# D1-4 lugs won't loosen



## Aukai (Feb 6, 2020)

I have a 12x28 PM lathe D1-4 cam locks. I have never removed the chuck before this attempt. I marked the position for reference, and have not been able to budge the locks with the T handle using enough force that it hurt my palms. The T bar for the chuck is not a big one though. How to proceed?


----------



## middle.road (Feb 6, 2020)

Aukai said:


> I have a 12x28 PM lathe D1-4 cam locks. I have never removed the chuck before this attempt. I marked the position for reference, and have not been able to budge the locks with the T handle using enough force that it hurt my palms. The T bar for the chuck is not a big one though. How to proceed?


Can we get a picture of how the sockets are currently positioned on the spindle?

After I finally got my 1440 into the shop I had to put a cheater bar on the T-handle to get them to loosen.
And then a dead blow to get the chuck to give up it's grip.
And it probably goes without saying, but don't forget to put a block of wood on the ways.


----------



## Aukai (Feb 6, 2020)

I'm guessing a cheater bar maybe the ticket.


----------



## darkzero (Feb 6, 2020)

I use a ratchet and a 10mm drain plug socket for my cam locks. Well I used to, I use a sliding t-handle now instead of the ratchet. The wrench that came with my lathe for the cam locks was useless, was basically just a chuck key.

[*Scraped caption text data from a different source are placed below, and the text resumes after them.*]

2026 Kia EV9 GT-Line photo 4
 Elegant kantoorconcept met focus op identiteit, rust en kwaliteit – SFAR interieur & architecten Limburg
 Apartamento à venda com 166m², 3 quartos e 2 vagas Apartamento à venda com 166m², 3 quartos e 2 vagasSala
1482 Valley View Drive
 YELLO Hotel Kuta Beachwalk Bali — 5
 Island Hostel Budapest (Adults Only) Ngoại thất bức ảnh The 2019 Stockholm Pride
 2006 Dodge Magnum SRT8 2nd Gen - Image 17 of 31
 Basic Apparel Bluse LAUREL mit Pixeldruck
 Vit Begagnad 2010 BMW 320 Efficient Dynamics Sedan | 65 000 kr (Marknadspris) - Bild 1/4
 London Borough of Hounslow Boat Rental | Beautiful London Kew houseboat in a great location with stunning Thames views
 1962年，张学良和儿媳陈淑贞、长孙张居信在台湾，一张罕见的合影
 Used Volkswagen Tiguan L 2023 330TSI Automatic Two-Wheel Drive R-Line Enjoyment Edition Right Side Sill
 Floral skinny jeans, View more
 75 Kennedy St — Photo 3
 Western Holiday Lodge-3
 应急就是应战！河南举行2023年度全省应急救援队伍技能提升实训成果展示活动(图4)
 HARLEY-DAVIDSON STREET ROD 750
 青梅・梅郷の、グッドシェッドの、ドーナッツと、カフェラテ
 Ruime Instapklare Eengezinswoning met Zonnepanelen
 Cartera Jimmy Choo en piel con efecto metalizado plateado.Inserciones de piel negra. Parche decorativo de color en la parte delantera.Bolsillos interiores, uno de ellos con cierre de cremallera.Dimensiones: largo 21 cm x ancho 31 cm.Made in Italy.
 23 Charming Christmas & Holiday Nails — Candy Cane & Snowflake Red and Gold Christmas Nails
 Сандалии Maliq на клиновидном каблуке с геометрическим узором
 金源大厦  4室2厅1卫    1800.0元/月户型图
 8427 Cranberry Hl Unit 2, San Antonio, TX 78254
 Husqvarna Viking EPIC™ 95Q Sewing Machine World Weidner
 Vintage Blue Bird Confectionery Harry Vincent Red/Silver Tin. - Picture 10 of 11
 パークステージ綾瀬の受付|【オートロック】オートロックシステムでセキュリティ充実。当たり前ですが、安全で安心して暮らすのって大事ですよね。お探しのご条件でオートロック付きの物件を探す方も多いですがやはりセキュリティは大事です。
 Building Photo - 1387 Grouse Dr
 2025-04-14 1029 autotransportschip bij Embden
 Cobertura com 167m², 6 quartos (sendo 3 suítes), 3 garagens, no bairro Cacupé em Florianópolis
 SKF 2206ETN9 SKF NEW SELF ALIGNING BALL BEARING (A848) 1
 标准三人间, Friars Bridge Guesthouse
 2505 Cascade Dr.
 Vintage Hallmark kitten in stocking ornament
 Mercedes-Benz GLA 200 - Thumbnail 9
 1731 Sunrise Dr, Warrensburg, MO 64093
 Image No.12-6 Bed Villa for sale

If your's is 10mm & you don't have a drain plug socket you can just use a 3/8 drive extension. Will be a bit loose but should work fine. Well, I have done that a number of times on my lathe. It shouldn't need that much force to get it loose. 

You are turning counter clockwise, correct? Just making sure.


----------



## Aukai (Feb 6, 2020)

A 12" ratchet pulled the table around, but did not budge the lock.


----------



## Aukai (Feb 6, 2020)

Yes counter  
Gonna try with a different angle pull


----------



## mmcmdl (Feb 6, 2020)

May have to shock it Mike . They should never be that tight .


----------



## Aukai (Feb 6, 2020)

I'll give that a wack also....


----------



## darkzero (Feb 6, 2020)

Oh BTW, you don't need to mark the cam lock. It's already marked. When you tighten it, the mark circled in red should fall in between the 2 arrows circled in blue. It doesn't need to be exactly where you made your mark & may not be if the chuck is indexed to a different cam lock pin.

What would help is dab a bit of red paint or whatever color you fancy in that little line circled in red. Makes it much more easier to see.


----------



## darkzero (Feb 6, 2020)

I don't know about giving it a wack. Maybe a few light taps. Just be careful & don't go all King Kong on it, it's the spindle we're talking about here.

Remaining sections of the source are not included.